For variable length inputs, you should use the alternate maxsim_scores_variable:

import numpy as np
import maxsim_cpu

# Prepare normalized embeddings
query = np.random.randn(32, 128).astype(np.float32)  # [num_query_tokens, dim]

# NOTE: maxsim-cpu expects normalized vectors.
query /= np.linalg.norm(query, axis=1, keepdims=True)

# Create variable-length documents as a list
docs = [
    np.random.randn(np.random.randint(50, 800), 128).astype(np.float32)  # Variable length docs
    for _ in range(1000)
]
# Normalize document embeddings...

# Compute MaxSim scores
scores = maxsim_cpu.maxsim_scores_variable(query, docs)  # Returns [num_docs] scores

Platform Requirements

  • macOS ARM: Apple Silicon (M1+)
  • macOS Intel: x86_64 with AVX2 (Intel Haswell 2013+ - Core i3/i5/i7 4xxx series or newer)
  • Linux: x86_64 with AVX2 (Intel Haswell 2013+, AMD Excavator 2015+)

We currently do not support Windows or take advantage of AVX512 instructions, nor do we optimise caching for specific CPUs. Contributions/PRs in this direction are welcome!

Note: Pre-built wheels on PyPI are currently only available for Linux x86_64 and macOS ARM (Apple Silicon).

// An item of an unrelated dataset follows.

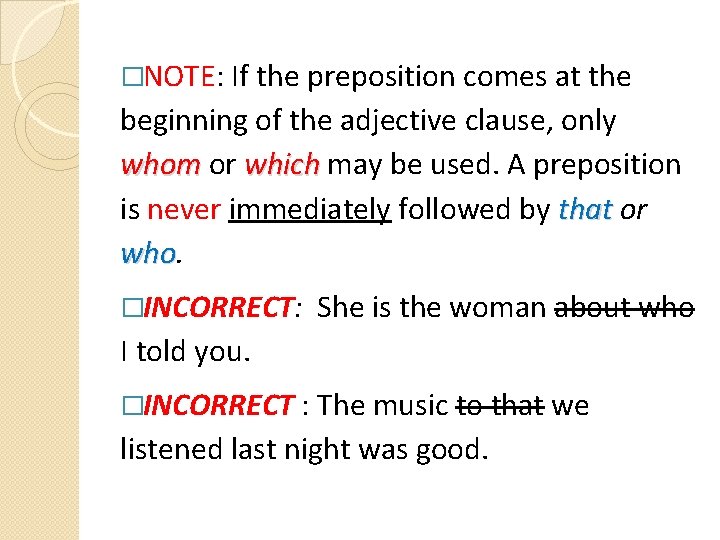 �NOTE: If the preposition comes at the beginning of the adjective clause, only whom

For Intel Mac users, you'll need to build from source (see below).

Building

We use maturin as our build system.

Linux

The easy way to build maxsim-cpu from source on Linux is as follows:

# Install necessary system deps
apt-get install libssl-dev libopenblas-dev -y
apt-get install pkg-config -y
# Install tooling
uv pip install maturin patchelf numpy
# Install libxsmm
git@github.com:libxsmm/libxsmm.git && cd libxsmm && make STATIC=1 && make
# Install Rust
curl --proto '=https' --tlsv1.2 -sSf https://sh.rustup.rs | sh
. "$HOME/.cargo/env"
# Clone and install maxsim-cpu
git clone git@github.com:mixedbread-ai/maxsim-cpu.git
cd maxsim-cpu
RUSTFLAGS="-L native=$(pwd)/../libxsmm/lib" maturin build --release --features use-libxsmm

Step by step:

  • This installs OpenSSL and OpenBLAS, which will be required for compiling, as well as pkg-config so they can be found easily.
  • It then clones libxsmm, on which most of the performance depends, and installs it.
  • Installs RUST and enables its environment
  • Clones this repository and finally build it

You may modify it and remove any step depending on dependencies already present on your machine.

Mac

On Mac, the installation is simplified, assuming you use homebrew:

For Apple Silicon (M1+):

# Install maturin
uv pip install maturin
# Install patchelf
brew install patchelf
# Install Rust
curl --proto '=https' --tlsv1.2 -sSf https://sh.rustup.rs | sh
. "$HOME/.cargo/env"
# Clone and install maxsim-cpu
git clone git@github.com:mixedbread-ai/maxsim-cpu.git
cd maxsim-cpu
maturin build --release

For Intel Mac (x86_64):

# Install maturin
uv pip install maturin
# Install patchelf
brew install patchelf
# Install Rust
curl --proto '=https' --tlsv1.2 -sSf https://sh.rustup.rs | sh
. "$HOME/.cargo/env"
# Clone and install maxsim-cpu
git clone git@github.com:mixedbread-ai/maxsim-cpu.git
cd maxsim-cpu
# Build with AVX2 support (requires Intel Haswell 2013+ or newer)
RUSTFLAGS="-C target-cpu=haswell" maturin build --release

Performance

For documents of uniform lengths, performance on Linux is slower than Jax on 4 core machines and either somewhat faster or slower depending on the CPU at 8 cores, and always faster than alternatives on ARM Macs. For variable document lengths (evaluated as a uniform distribution between 128 and 1536 tokens), maxsim-cpu is always pretty fast thanks to more efficient batching.

Mac M4 Ultra

Mac M4 Ultra performance

Linux AMD EPYC

32 core limit performance

Linux AMD EPYC 32 core performance

16 core limit performance

It seems our performance was hindered during benchmarking due to a Rayon config issue when limiting the available cores. Leaving reporting as-is for now but performance is expected to be considerably better on an actual 16-core CPU.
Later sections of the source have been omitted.